幼い頃からキリスト教に触れ、もっと深く知りたいという思いから神学部への進学を決めた青山さん。学部での学びは想像以上に奥深く、「まるで世界を知る窓を広げてくれるようです」と語ります。現在は信仰と教会のあり方をテーマに研究に熱中しつつ、自ら発足した学生会の活動や、大好きな馬に関わる学生馬術連盟での活動にも奮闘。青山さんの語りからは、信仰・思想・社会が交わる学びの場で、自分の価値観や未来を育てる様子が見えてきます。

「キリスト教についてもっと知りたい」
幼い頃に出会った祈りの言葉が、今、人生の学びに変わった

幼稚園と高校でミッションスクールに通っていた私は、聖書や讃美歌に自然と親しんできました。その延長線上で「もっとキリスト教を知りたい」と考え、神学部への進学を決意。入学してみるとキリスト教思想を軸に多宗教や哲学、現代社会の課題にも触れられる学際的なカリキュラムがあり、これまでとても楽しく学んできました。
今、私が熱中しているのはゼミでの研究活動です。テーマは「日本におけるプロテスタント教会のあり方」。このテーマを選ぶことになったきっかけは、2年生の夏に参加した「Mission in Dialogue」という学部独自の国際交流プログラムでした。韓国・ソウルで見学した礼拝のスタイルに衝撃を受けたことでわが国の教会への好奇心が生まれ、以来、研究への情熱が膨らんでいます。

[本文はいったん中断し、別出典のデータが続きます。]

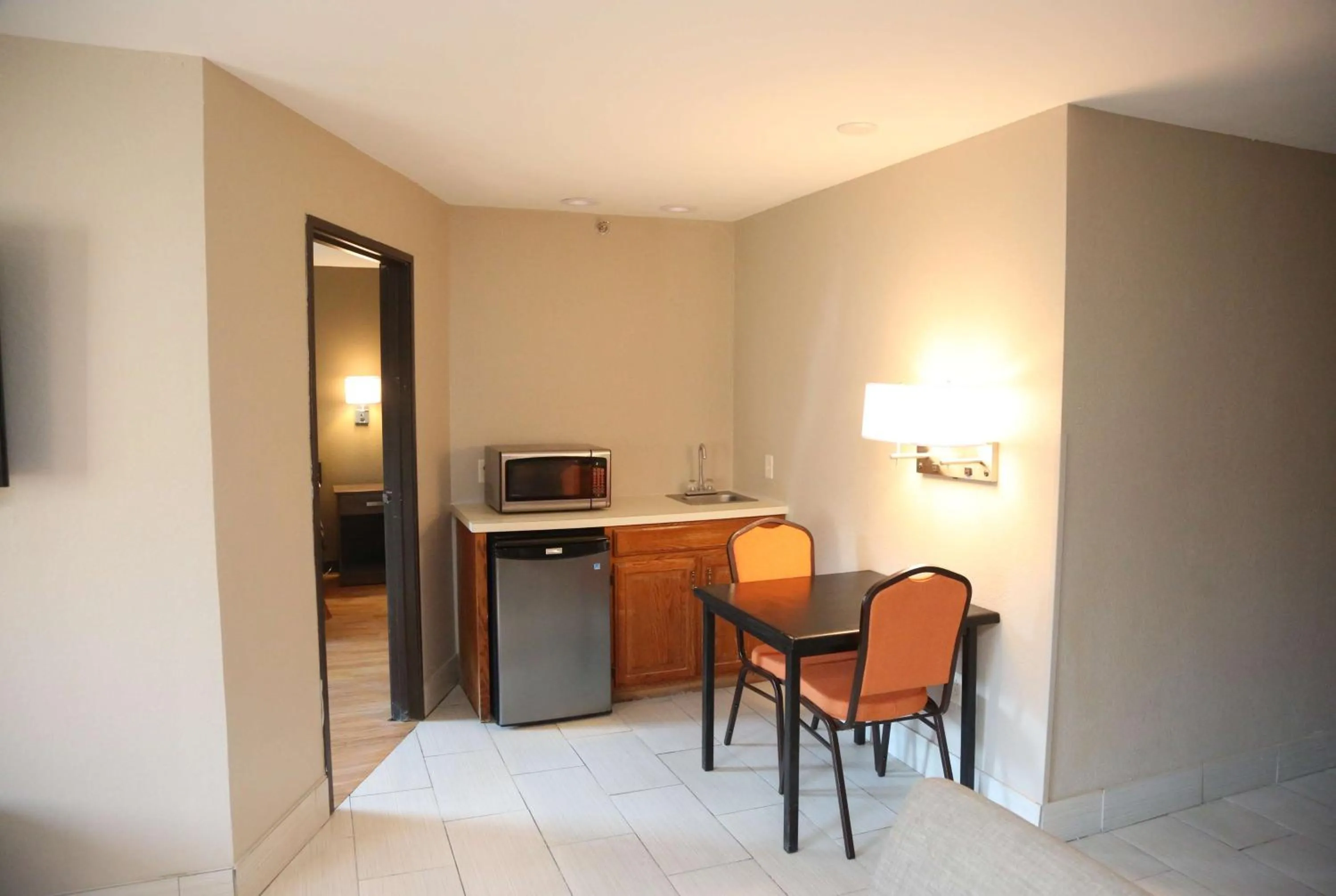 Photo of the whole room in Super 8 by Wyndham Portsmouth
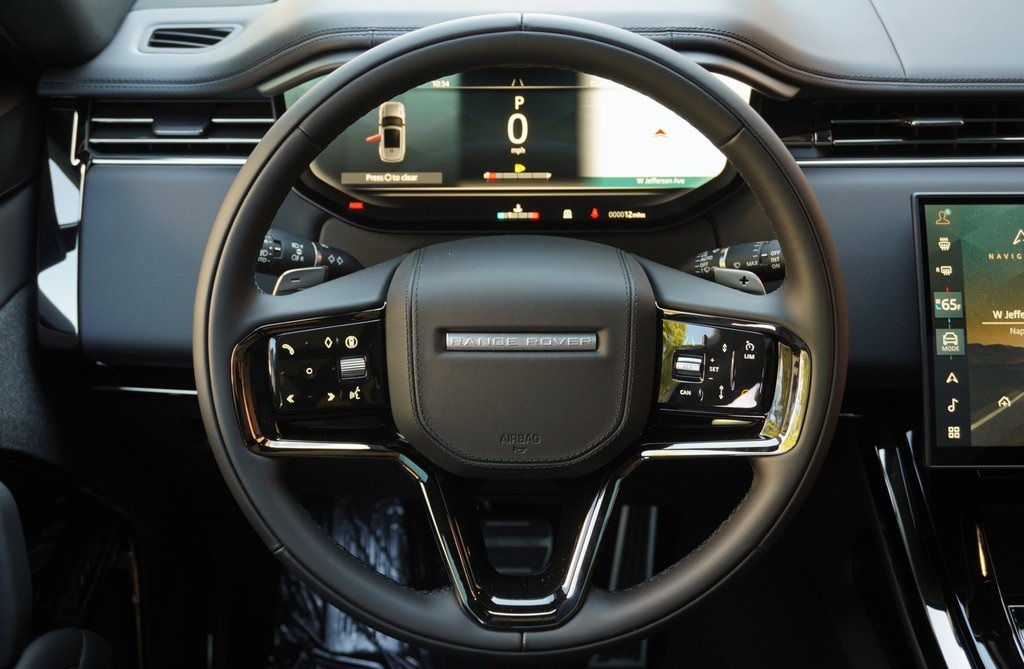 2025 Land Rover Range Rover Sport SE photo 12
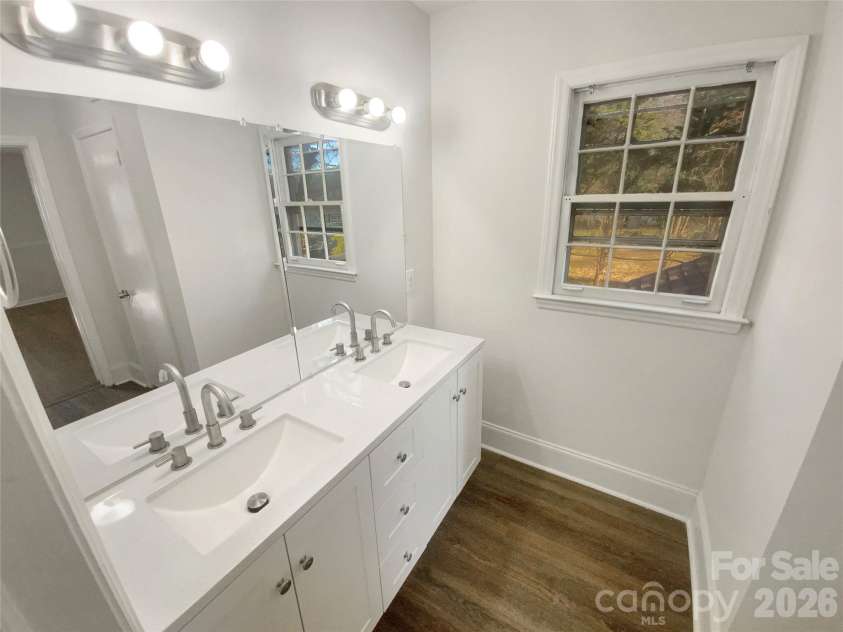 4661 Easthaven Drive, Charlotte, NC 28212.  MLS# CAR4336161, YatesRealty ID 9689. 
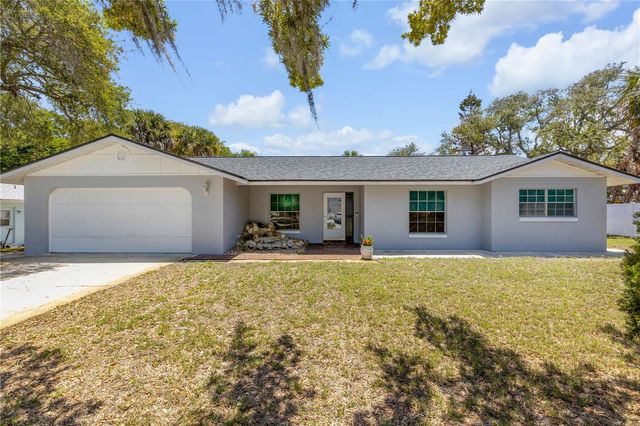 797 E 9TH AVENUE, New Smyrna Beach, FL 32169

アドヴェントに神学部のチャペルアワーで司会をしました。この時期、時計台の前の木々もクリスマスのライトアップがされていて綺麗です。

「なぜ、祈りのかたちはこんなにも違うのか?」
韓国で見た礼拝スタイルへの驚きが、私に新たな視点を与えた

静かな教会、にぎやかな礼拝。
その違いの奥にはそれぞれの社会と信仰の歴史が重なっていた

韓国で体験した礼拝は「バンド形式の演奏に皆が声を合わせて賛美歌を歌う」という、私にとって斬新なスタイルでした。それまで教会といえば静かに祈る厳かな場所というイメージしか持っておらず、同じプロテスタントでも国が違えばこんなにも礼拝の形が変わるのかと驚きました。帰国後に日本の教会を訪ねてみると、やはり静かに祈るスタイルが多く、それが日本のキリスト教の特徴になっていることを改めて発見。なぜこのような違いが生まれたのかを調べてみると、日韓でキリスト教が受け入れられる過程で歴史的・文化的な背景が大きく影響してきたことが見えてきました。そして「信仰は常に時代と向き合い実践されていくのだ」という事実に触れたとき、神学が単なる宗教の学びではなく、社会と深く関わる学問であることを実感。そこからキリスト教の実践や思想に興味を深め、現在の研究に繋がっています。

歴史的背景によって異なる教会の姿勢。
それらを読み解き、今後、現場で役立つ論文を完成させたい

研究は、教会ごとの「信仰告白」に注目して進めています。信仰告白とは教会が大切にしている信仰の姿勢を言葉にしたもので、企業でいう経営理念のようなもの。それぞれの信仰告白には各教会の歴史や背景が反映されていて、そこを読み解くことに面白さを感じます。思想や礼拝のスタイルはさまざまなあり方が存在しますが、いま取り組んでいる研究が教会の多様性を理解するヒントとなり、今後、現場での働きに役立つものになればうれしいです。
またゼミ活動では合宿でキリシタン史跡を巡ったり礼拝に参加したりと、フィールドワークの機会も豊富です。知識と体験が重なり合っていく中で学びがどんどん立体的になっていく感覚があり、やりがいを感じます。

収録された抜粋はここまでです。